At our temporary home in Bend, Ore., my family and I have been quietly following the news coming out of Juneau.
I was pleasantly surprised to read the May 9 statement of our new and refreshing governor, Sarah Palin. She announced that it was more fiscally conservative to wait for the litigation to conclude and for more accurate cost estimates to be available, before making the decision to go forward with the Juneau Access Project.
My family and I were so relieved, and felt like a true sense of honesty and transparency has been restored to our government and state. Obviously, this woman is road-wise compared to the somewhat shady and over-eager, road-happy fellows at the Department of Transportation and Public Facilities.
I don't say this in a mean sprit, but the great deal of momentum and the huge investment that Mal Menzies, the regional manager at Southeast DOT, is referring to in the article seems pointless, self-centered, and is an embarrassment of good government spending.

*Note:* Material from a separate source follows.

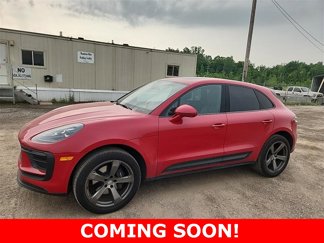 Used 2023 Porsche Macan image 1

I have lived and worked as a carpenter in Haines for 17 years. My family and I are currently building our dream home on the west side of Mud Bay, overlooking Lynn Canal, which is directly across Grand Point sea lion haul-out.
The non-stop echo of the roaring sea lions and spouting whales are always reverberating over the waters from the east side. Our biggest nightmare would be to watch and listen to the destruction occurring on this rugged coastline, as the rock-crushing, self-seeking DOT makes its way up Lynn Canal.
I can understand our governor's fading support for this project. She is not about to ignore the overwhelming, scientific evidence of the Golder Report, which documents 31 active avalanche shoots, 52 rock-fall hazard areas, 42 debris-flow hazards, and two massive rockslide areas: all of which impact just 22.2 miles of the alignment.
In addition, there is a serious pubic outcry against this ridiculously expensive dead end road to nowhere. We have asked time and time again to put the money toward the already existing Alaska Marine Highway System. I truly hope to continue to hear the call of the wilderness, instead of the noise of heavy machinery followed by traffic.